→ **ABOUT THIS TASK**
In the material below, find the line containing "HERMES（エルメス） 未使用 ツイリー ビジュー ピケ ハートのクイーン" and the line containing "Flooding in Hildale, Utah, Sept.", then reproduce exactly both of them and every line between, and nothing else.

→ **EXERCISE INPUT**
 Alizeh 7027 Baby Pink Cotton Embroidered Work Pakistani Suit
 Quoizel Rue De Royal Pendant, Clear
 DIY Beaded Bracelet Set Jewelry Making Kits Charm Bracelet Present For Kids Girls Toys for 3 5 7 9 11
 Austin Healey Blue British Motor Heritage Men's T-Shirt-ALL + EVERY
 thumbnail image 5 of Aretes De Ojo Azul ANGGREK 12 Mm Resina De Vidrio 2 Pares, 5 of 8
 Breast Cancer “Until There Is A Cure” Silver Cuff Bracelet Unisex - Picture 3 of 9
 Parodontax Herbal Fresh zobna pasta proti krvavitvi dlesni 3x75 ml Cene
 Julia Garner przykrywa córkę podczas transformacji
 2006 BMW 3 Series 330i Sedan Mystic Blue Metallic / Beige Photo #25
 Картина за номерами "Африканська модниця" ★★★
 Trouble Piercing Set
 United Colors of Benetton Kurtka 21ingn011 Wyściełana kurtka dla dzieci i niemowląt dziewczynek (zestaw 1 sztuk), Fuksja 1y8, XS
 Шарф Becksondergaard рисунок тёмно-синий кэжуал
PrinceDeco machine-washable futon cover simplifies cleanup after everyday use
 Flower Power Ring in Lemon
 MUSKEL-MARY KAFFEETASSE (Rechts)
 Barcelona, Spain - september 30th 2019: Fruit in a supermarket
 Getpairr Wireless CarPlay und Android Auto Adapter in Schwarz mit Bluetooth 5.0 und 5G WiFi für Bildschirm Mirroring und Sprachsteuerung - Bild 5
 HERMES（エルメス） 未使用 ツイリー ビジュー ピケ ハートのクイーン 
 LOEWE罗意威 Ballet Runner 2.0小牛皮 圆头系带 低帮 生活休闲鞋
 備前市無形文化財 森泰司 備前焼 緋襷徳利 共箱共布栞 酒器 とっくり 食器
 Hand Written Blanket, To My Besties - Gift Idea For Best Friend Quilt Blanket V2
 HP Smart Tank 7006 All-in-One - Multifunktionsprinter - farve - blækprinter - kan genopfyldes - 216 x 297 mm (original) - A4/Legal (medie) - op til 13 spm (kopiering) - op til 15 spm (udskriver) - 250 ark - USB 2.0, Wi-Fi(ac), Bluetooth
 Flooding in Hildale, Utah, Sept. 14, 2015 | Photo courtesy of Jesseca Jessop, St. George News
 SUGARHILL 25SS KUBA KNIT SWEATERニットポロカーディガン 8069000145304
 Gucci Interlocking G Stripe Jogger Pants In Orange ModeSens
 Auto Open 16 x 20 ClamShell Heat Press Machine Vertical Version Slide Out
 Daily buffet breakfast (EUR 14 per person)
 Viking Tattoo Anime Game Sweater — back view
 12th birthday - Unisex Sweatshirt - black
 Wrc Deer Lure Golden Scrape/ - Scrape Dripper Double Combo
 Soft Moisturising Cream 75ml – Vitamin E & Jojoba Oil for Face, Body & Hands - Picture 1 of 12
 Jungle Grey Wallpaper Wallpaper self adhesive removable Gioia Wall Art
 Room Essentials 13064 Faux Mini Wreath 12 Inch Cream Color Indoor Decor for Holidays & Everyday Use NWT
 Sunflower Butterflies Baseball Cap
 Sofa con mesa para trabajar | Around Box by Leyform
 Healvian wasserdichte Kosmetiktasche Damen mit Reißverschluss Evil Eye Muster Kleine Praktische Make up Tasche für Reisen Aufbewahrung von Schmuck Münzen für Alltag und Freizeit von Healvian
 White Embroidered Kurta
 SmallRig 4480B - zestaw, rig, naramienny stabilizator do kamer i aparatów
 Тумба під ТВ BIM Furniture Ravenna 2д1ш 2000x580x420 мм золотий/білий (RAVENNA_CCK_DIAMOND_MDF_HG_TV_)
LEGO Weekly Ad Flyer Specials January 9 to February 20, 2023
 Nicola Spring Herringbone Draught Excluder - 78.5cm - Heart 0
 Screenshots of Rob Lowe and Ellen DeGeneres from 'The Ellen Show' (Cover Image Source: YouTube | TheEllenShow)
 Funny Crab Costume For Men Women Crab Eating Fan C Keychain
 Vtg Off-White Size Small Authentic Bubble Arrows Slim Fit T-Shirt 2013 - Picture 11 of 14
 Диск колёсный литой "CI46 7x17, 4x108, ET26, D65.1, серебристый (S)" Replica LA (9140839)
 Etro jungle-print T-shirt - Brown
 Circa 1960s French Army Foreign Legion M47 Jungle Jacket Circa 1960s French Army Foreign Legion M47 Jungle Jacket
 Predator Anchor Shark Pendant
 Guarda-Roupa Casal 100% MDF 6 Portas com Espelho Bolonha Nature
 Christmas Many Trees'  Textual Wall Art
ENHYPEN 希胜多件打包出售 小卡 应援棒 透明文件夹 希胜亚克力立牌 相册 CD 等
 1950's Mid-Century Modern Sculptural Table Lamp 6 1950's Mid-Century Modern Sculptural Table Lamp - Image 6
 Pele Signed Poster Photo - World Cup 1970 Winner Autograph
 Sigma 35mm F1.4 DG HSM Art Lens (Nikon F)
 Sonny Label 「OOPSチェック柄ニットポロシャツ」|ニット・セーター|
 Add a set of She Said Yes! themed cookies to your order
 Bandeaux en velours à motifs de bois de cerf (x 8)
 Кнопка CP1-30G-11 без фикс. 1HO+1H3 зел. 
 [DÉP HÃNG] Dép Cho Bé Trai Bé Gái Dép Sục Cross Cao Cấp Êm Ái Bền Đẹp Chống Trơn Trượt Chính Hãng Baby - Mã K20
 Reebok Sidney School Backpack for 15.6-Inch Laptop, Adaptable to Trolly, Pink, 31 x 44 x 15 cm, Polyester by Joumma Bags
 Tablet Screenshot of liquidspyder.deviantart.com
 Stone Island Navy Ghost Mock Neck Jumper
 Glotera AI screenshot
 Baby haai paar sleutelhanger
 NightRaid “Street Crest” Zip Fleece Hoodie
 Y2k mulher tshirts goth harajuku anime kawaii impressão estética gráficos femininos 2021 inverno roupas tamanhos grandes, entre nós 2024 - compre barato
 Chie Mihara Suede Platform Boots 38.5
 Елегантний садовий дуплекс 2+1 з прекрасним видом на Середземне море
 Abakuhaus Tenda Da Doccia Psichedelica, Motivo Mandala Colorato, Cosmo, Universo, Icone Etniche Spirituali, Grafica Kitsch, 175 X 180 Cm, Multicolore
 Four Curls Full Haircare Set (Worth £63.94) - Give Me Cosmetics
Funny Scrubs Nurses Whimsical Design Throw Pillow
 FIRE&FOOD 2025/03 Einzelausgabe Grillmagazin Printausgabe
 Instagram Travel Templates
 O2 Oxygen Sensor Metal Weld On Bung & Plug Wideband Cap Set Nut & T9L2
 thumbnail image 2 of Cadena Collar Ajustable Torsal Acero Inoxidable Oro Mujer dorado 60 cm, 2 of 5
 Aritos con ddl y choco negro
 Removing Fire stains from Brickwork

→ **RESULT OF THE TASK**
 HERMES（エルメス） 未使用 ツイリー ビジュー ピケ ハートのクイーン 
 LOEWE罗意威 Ballet Runner 2.0小牛皮 圆头系带 低帮 生活休闲鞋
 備前市無形文化財 森泰司 備前焼 緋襷徳利 共箱共布栞 酒器 とっくり 食器
 Hand Written Blanket, To My Besties - Gift Idea For Best Friend Quilt Blanket V2
 HP Smart Tank 7006 All-in-One - Multifunktionsprinter - farve - blækprinter - kan genopfyldes - 216 x 297 mm (original) - A4/Legal (medie) - op til 13 spm (kopiering) - op til 15 spm (udskriver) - 250 ark - USB 2.0, Wi-Fi(ac), Bluetooth
 Flooding in Hildale, Utah, Sept. 14, 2015 | Photo courtesy of Jesseca Jessop, St. George News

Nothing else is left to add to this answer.